Fedora Project existed for many years with a high standard of transparency before the original Fedora Board was created. It then started as a blend of appointed (like me!) and elected Board members. Having been through that evolution, I have an intimate idea of how much longer it can take and more complex it can be than the ideal of e.g. starting from scratch with a new project.
By comparison, my reckoning is the CentOS Project only began to act like a proper open source project around the time the Virt SIG was created to support the Xen kernel.
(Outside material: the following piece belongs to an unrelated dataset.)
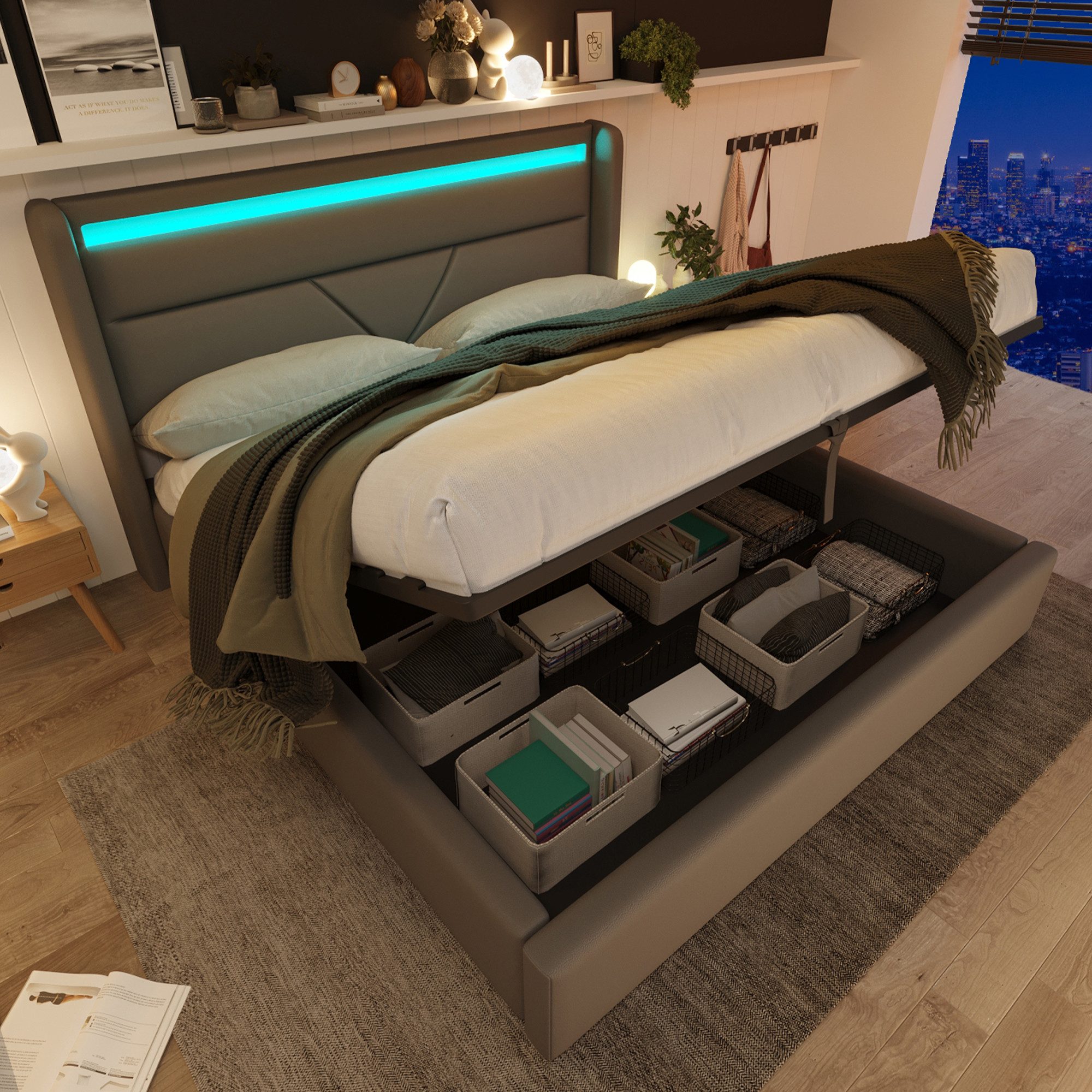 BlingBin Boxspringbett Stauraumbett Polsterbett (1-St), Doppelbett inkl. Fa günstig online kaufen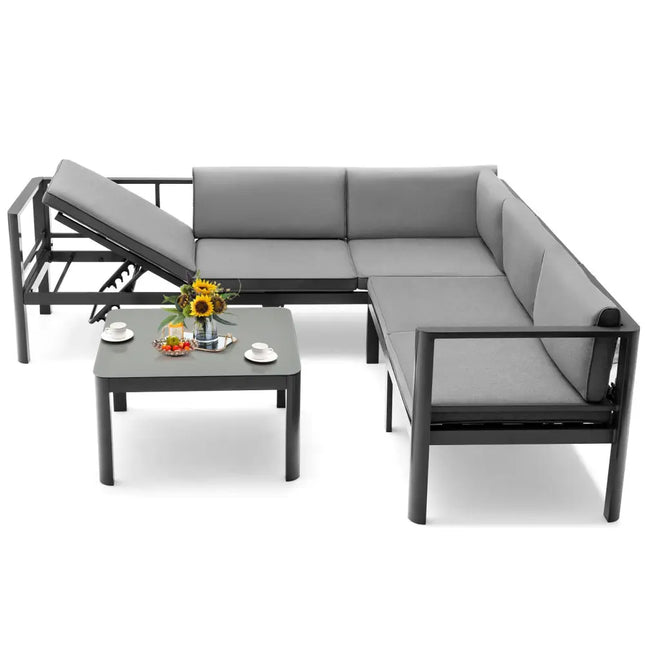 3 Pieces Aluminum Patio Furniture Set with 6-Level Adjustable Backrest-Gray - Gray - Outdoor Sectionals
Of course, the joining of forces with Red Hat was at the core an effort to create a contributor-centric project but primarily around the SIGs; we left other parts e.g. core Linux building alone as "don't break". Not forever, but for a while, and now that five yeas has passed, it's more than time to improve those parts, too.
We've built on that plan with SIGs so now it is possible to contribute to a sizeable part of the project. But with the mix of legacy infrastructure, technical and governance debt from the last 7+ years, and the changing needs of a contributor base ...
Frankly IMO, today we do not have a large enough community of leaders who could be nominated, nor a mature enough contributor base to hold voting. This is largely the fault of the existing leadership, specifically those of us on the Board of Directors. Lack of transparency and lack of focus on growing leaders I think are at the core of that situation. People have stepped up and tried, and not been enabled or supported as well as they could have been.
The project has definitely been moving toward better transparency, to the point where the most obvious transparency problems are at the top of the governance.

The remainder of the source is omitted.